(To do)
Write the records below out again word for word, with the pictures removed.

Records from a data collection

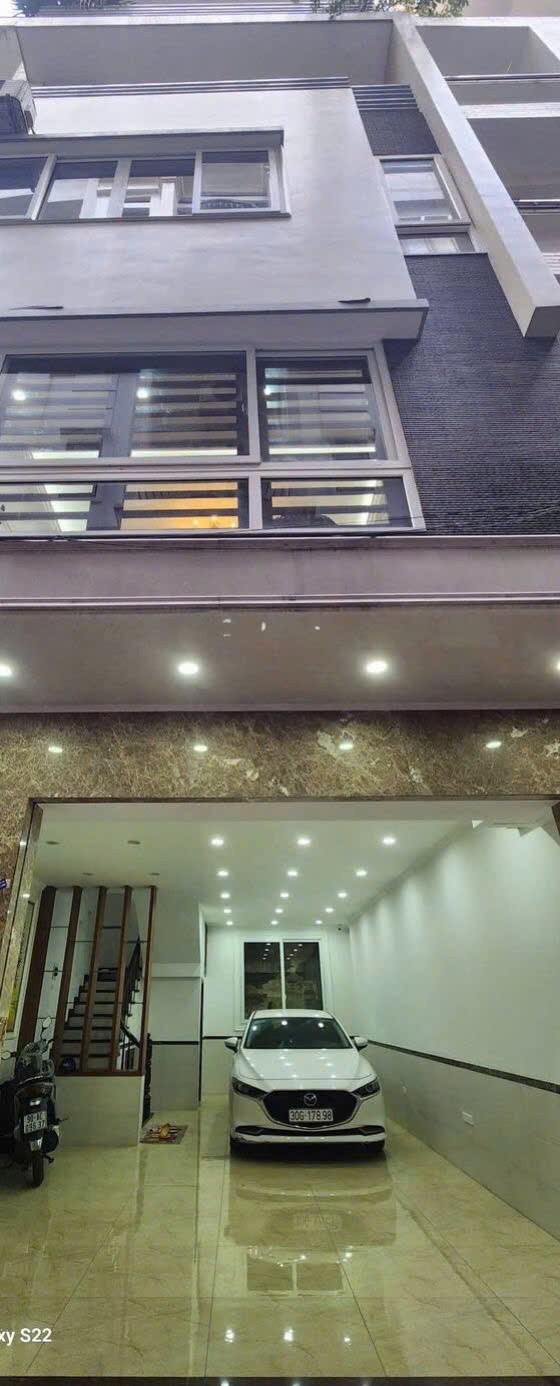  BÁN NHÀ PHỐ TRUNG KÍNH CẦU GIẤY - SIÊU PHẨM PHÂN LÔ - Ô TÔ TRÁNH - 2 MẶT THOÁNG TRƯỚC SAU - TẶNG FULL NỘI THẤT TRỊ GIÁ 3 TỶ ĐỒNG  -THÔNG SỐ VÀNG : S=57.1M2 - MẶT TIỀN 5.5M -  5 TẦNG - LH : Mr HOÀNG PHÚ - PHONE : 0385683333 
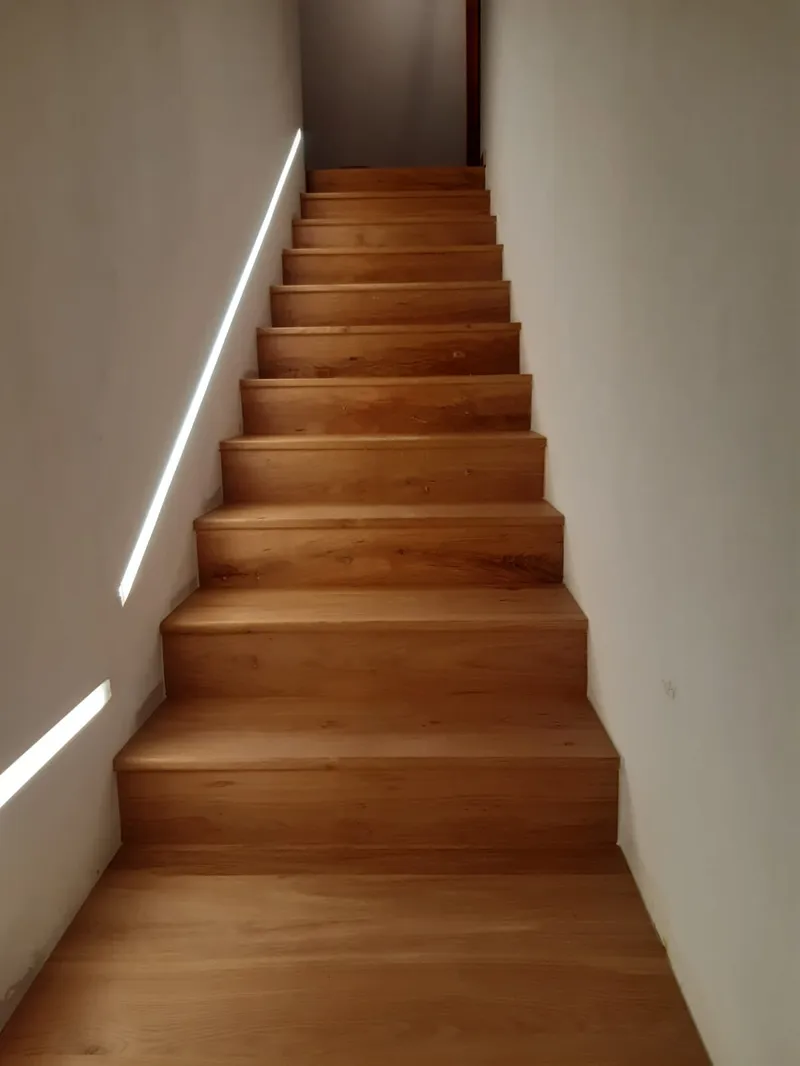 Scala artigianale in rovere massello illuminata a led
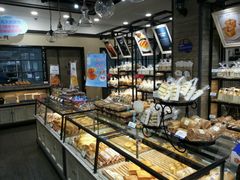 面包甜点陈列柜-卡吉诺动物奶油生日蛋糕(东明路店)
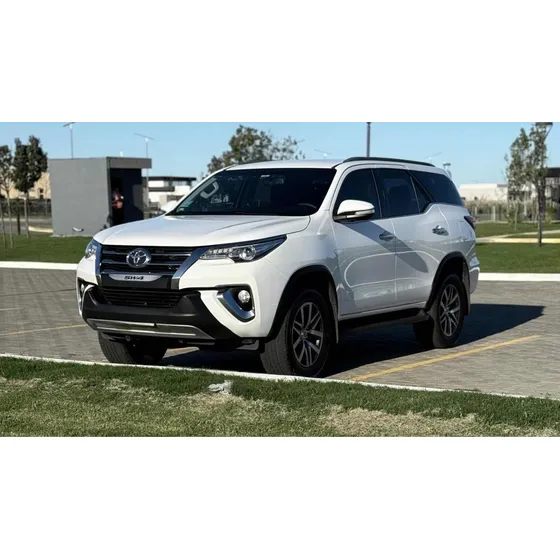 Toyota Hilux Sw4 2.8 Srx 177cv 4x4 7as At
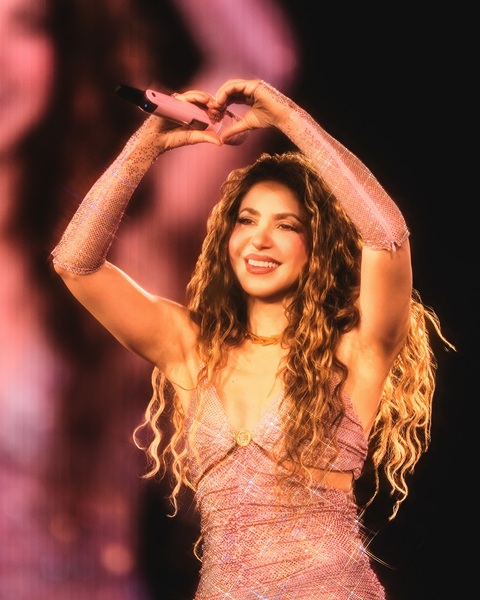 shakira_1751843400_3670958225894526899_217867189.jpg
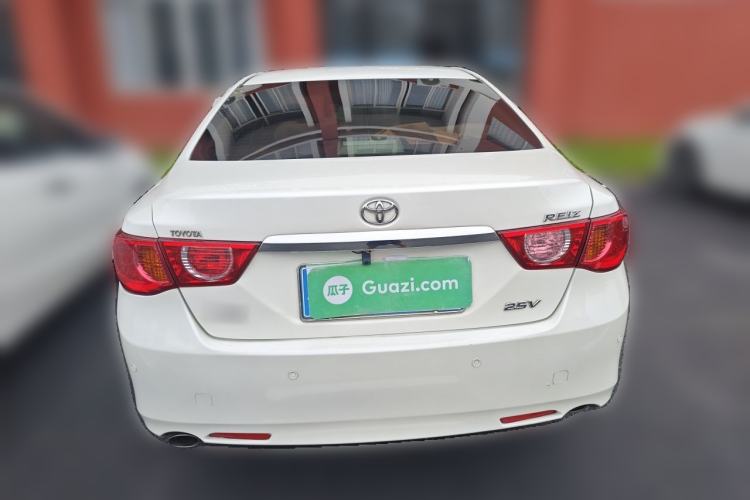 Used Toyota Reiz 2010 2.5V Fengdu Elite Edition Rear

(Written solution)
  BÁN NHÀ PHỐ TRUNG KÍNH CẦU GIẤY - SIÊU PHẨM PHÂN LÔ - Ô TÔ TRÁNH - 2 MẶT THOÁNG TRƯỚC SAU - TẶNG FULL NỘI THẤT TRỊ GIÁ 3 TỶ ĐỒNG  -THÔNG SỐ VÀNG : S=57.1M2 - MẶT TIỀN 5.5M -  5 TẦNG - LH : Mr HOÀNG PHÚ - PHONE : 0385683333 
 Scala artigianale in rovere massello illuminata a led
 面包甜点陈列柜-卡吉诺动物奶油生日蛋糕(东明路店)
 Toyota Hilux Sw4 2.8 Srx 177cv 4x4 7as At
 shakira_1751843400_3670958225894526899_217867189.jpg
 Used Toyota Reiz 2010 2.5V Fengdu Elite Edition Rear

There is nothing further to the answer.